3. Психологи много хлопотали о том, чтобы объяснить эту заразительность чувствований. Бэн посвящает этим объяснениям много страниц своей книги, но тем не менее едва ли мы не должны признать самым простым и естественным объяснение, данное Спинозою, который, однако же, сделал при этом важную ошибку и, поддавшись своей теории чувств, не отделил нервного сочувствия от душевного.

4. Спиноза основывает сочувствие на том, что всякое представление нами внешнего предмета непременно отражается каким-нибудь изменением в нашем телесном организме. "Если же, - говорит он, - природа представляемого нами предмета подобна природе нашего тела, тогда идея внешнего предмета, который мы себе представляем (и который подвергается тому или другому изменению), вызовет и в нашем теле подобное же изменение представляемого предмета, и вследствие того, если мы представляем себе предмет, подобный нам, находящимся под влиянием какой-нибудь страсти, то это же представление отразится подобным же представлением нашего тела. Вот почему, только представляя себе предмет, подобный нам, под влиянием какого-нибудь чувствования, мы будем испытывать в себе подобное же чувствование". Но тут же Спиноза к этому совершенно справедливому объяснению нервного сочувствия прибавляет совершенно ложную мысль. "Если же, - говорит он, - мы ненавидим этот, подобный нам предмет, то испытываем чувствования противоположные"*.



______________________

* Spinosa.

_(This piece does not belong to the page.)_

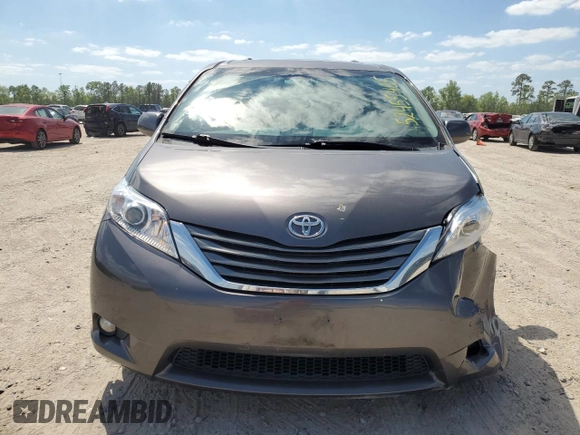 2012 Toyota Sienna XLE AAS with VIN 5TDYK3DCXCS199580, listed as a Copart auction lot 52455405 with 113,259 mi miles and Salvage Title. Bid and sale history available at DreamBid. Image 5.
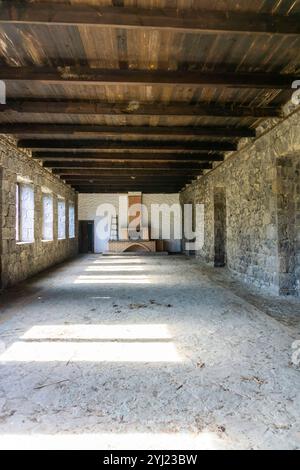 Cheminée en brique orange dans le hall d'une ancienne cave abandonnée. Murs en pierre, grandes fenêtres, plafond en bois Banque D'Images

Eth. P. III. Prop. 27. Самый большой недостаток психологии как науки - это недостаток преемственности. Вайтц, например, приписывает Гербарту то, что уже давно и гораздо яснее высказано Декартом, Аристотелем, Спинозою или Кантом; Бенеке развивает мысль Гербарта, не упоминая о Гербарте; Бэн на целых страницах бьется выразить то, что давно уже выразил Спиноза гораздо лучше в нескольких строках. От этого наука слабо подвигается вперед и мало внушает доверия: она все имеет вид теории, только что возникшей в голове того или другого писателя.

______________________

5. Эта неудачная прибавка Спинозы возникла оттого, что он не отделил нервного сочувствия от сочувствия душевного и вообще органических чувствований от чувствований душевных. Ненавидим ли мы или нет страдающего человека, но если эти страдания выражаются сильно, то мы неизбежно почувствуем к нему сострадание прежде еще, чем подумаем, что этот человек ненавидим нами. Ясно, что в этом случае сострадание возникает помимо нашей воли и наших душевных чувствований, тогда как подавление сострадания возникает уже из соображения причин, сознаваемых душою. Вот почему Броун совершенно справедливо замечает, что мы сострадаем и страшному преступнику, когда видим ужас его казни, хотя бы в то же время сознавали, что он заслужил казнь еще большую*. Но это самое явление должно было бы показать Броуну, что и его объяснение сострадания неверно. Он объясняет сострадание законом напоминания, т. е. тем, что "зрелище каких-нибудь общих символов внутреннего чувства напоминает нам самое чувство точно так же, как портрет или даже написанное имя нашего друга напоминает нам самого друга"**. Дав такое объяснение сочувствию, Броун, весьма естественно, должен был прибегнуть к известному выражению Теренция - homo sum, humani nihil a me alienum puto - и на основании этого сознания человеком своей солидарности со всеми другими людьми объяснить явление сочувствия. Но при этом Броун совершенно забыл, что сочувствие проявляется уже в младенцах, для которых и выражение Теренция и глубокое чувство, его внушившее, совершенно чужды. Он забыл, что явление сочувствия мы видим даже у животных.



______________________

* Brown. P. 410.

** Ibid. P. 408.

______________________

6. Дело же в том, что мы должны отличать сочувствие душевное от сочувствия нервного. Первое не может возникнуть иначе, как через посредство мысли, второе совершается помимо мышления. Припоминать чувство вовсе не то, что сочувствовать. Мы же часто сочувствуем прежде, чем заметим, что начали сочувствовать, и прежде, чем определили, какое чувство в нас возбуждено. О сострадании душевном, или, лучше сказать, духовном, возникающем из идеи общности человеческой природы, мы должны говорить, конечно, в третьем отделе нашей книги, здесь же мы говорим о сочувствии нервном.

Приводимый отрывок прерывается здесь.